Two New Tools that Tame the Treachery of Files
Parsing is hard, even when a file format is well specified. But when the specification is ambiguous, it leads to unintended and strange parser and interpreter behaviors that make file formats susceptible to security vulnerabilities. What if we could automatically generate a “safe” subset of any file format, along with an associated, verified parser? That’s our collective goal in Dr. Sergey Bratus’s DARPA SafeDocs program.
But wait—why is parsing hard in the first place? Design decisions like embedded scripting languages, complex context-sensitive grammars, and object models that allow arbitrary dependencies between objects may have looked like good ways to enrich a format, but they increase the attack surface of a parser, leading to forgotten or bypassed security checks, denial of service, privacy leakage, information hiding, and even hidden malicious payloads.

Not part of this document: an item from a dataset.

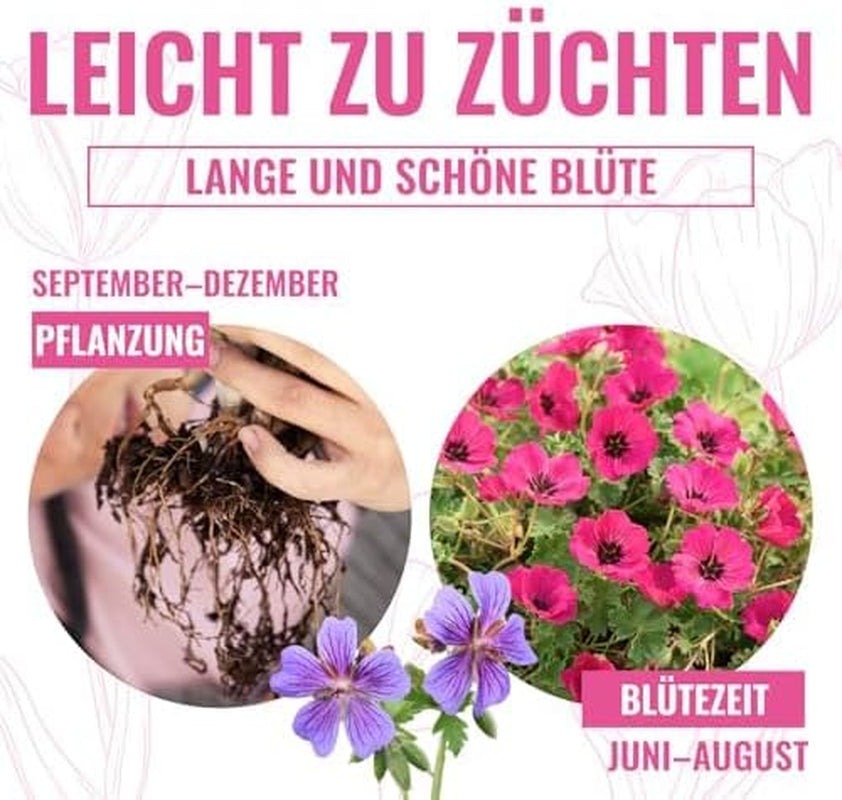 Kolekcja super wieloletnich geranium (10 roślin/korzeń) Odporna mieszanka 5 odmian, duże byliny hybrydowe z Holandii, do ogrodu, warstwy kwiatów (bez nasion, bez sztucznych cebul)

Two examples of this problem are polyglots and schizophrenic files. Polyglots are files that can be validly interpreted as two different formats. Have you ever read a PDF file and then been astonished to discover that it is also a valid ZIP file? Or edited an HTML file only to discover that it is also a Ruby script? Congratulations, you discovered a polyglot. This is not to be confused with schizophrenic files: That’s when two parsers interpret the same file in different ways, e.g., your PDF displays different content depending on whether you opened it in Adobe Acrobat or Foxit Reader, or your HTML page renders differently between Chrome and Internet Explorer.